Scraped caption text data:
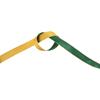 Green and Gold Double Sided Ribbon - 15m reel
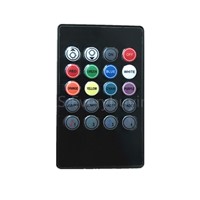 LED Strip RGB music controller Black 20 Keys Voice Sensor Controller Sound IR Remote Control for SMD3528 5050 RGB LED Strip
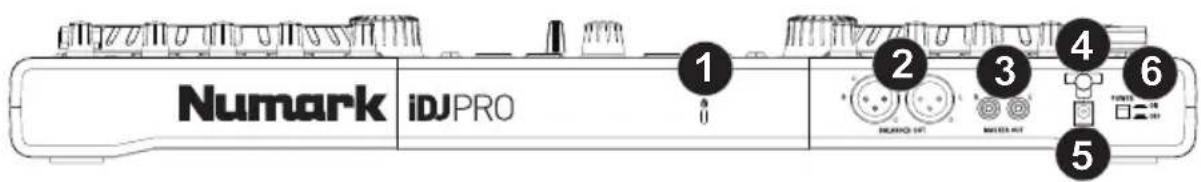 NUMARK IDJ PRO - RÜCKSEITE - 1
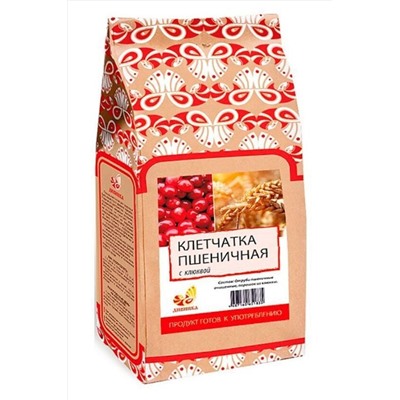 Клетчатка пшеничная Клюква бум.пакет 300г ЭКОПРОДУКТЫ, 1182548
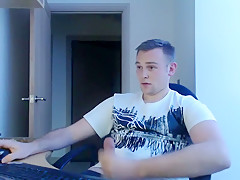 Exotic male in best amateur, handjob homosexual sex scene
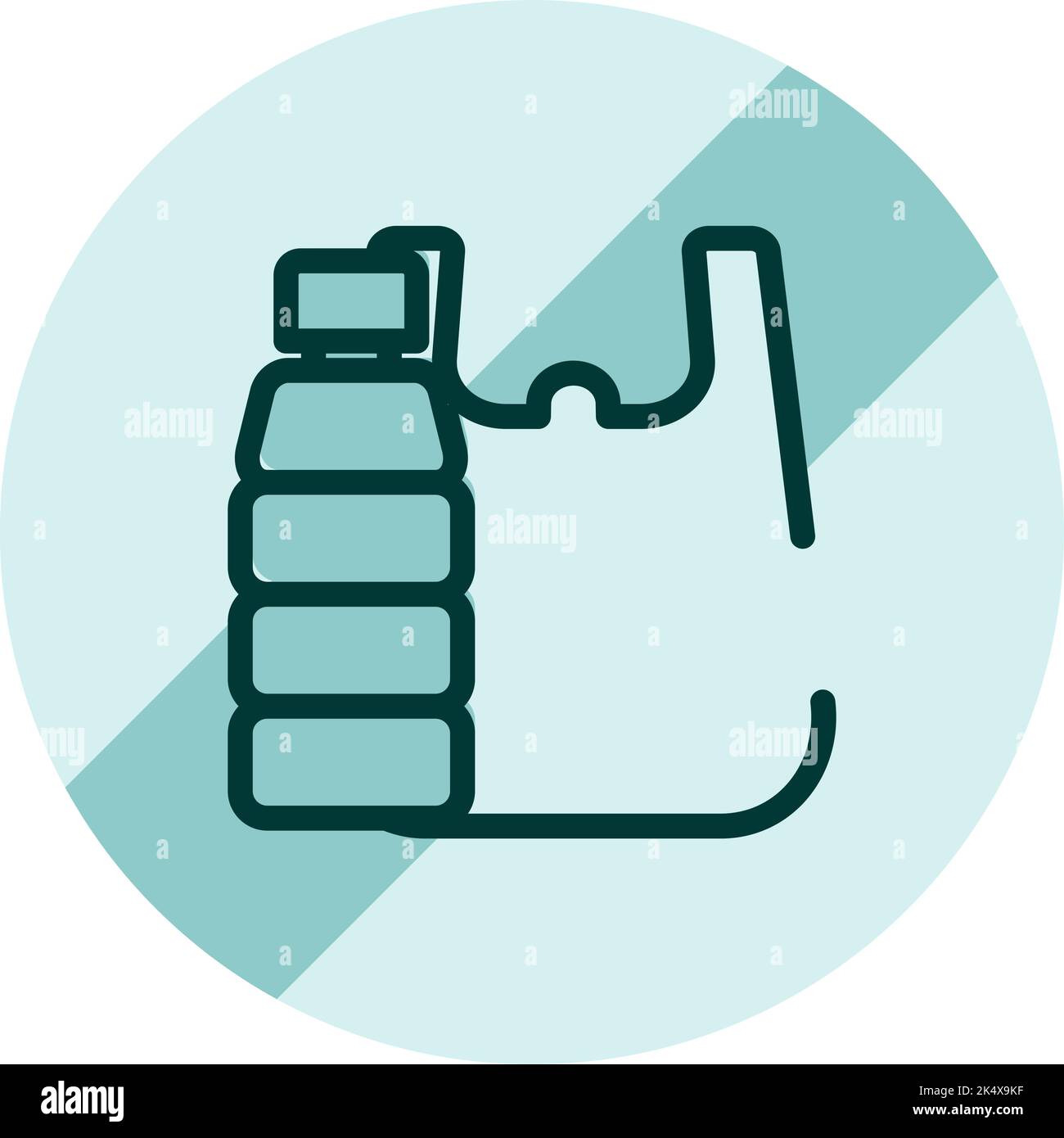 Warnschild nicht abfallend, Illustration, Vektor auf weißem Hintergrund. Stock Vektor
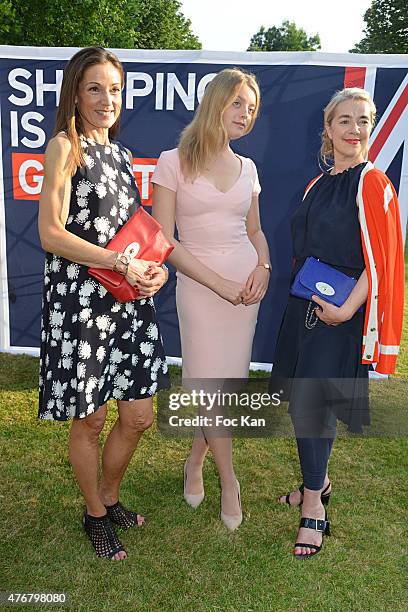 Lady Tania Rotherwick, Flora Alexandra Ogilvy and Anne Marie Verdin attend the British 'Summer Time 2015' cocktail at the British Embassy and shops...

Directions: Return every record exactly, leaving out the pictures.

Expected answer:
 Green and Gold Double Sided Ribbon - 15m reel
 LED Strip RGB music controller Black 20 Keys Voice Sensor Controller Sound IR Remote Control for SMD3528 5050 RGB LED Strip
 NUMARK IDJ PRO - RÜCKSEITE - 1
 Клетчатка пшеничная Клюква бум.пакет 300г ЭКОПРОДУКТЫ, 1182548
 Exotic male in best amateur, handjob homosexual sex scene
 Warnschild nicht abfallend, Illustration, Vektor auf weißem Hintergrund. Stock Vektor
 Lady Tania Rotherwick, Flora Alexandra Ogilvy and Anne Marie Verdin attend the British 'Summer Time 2015' cocktail at the British Embassy and shops...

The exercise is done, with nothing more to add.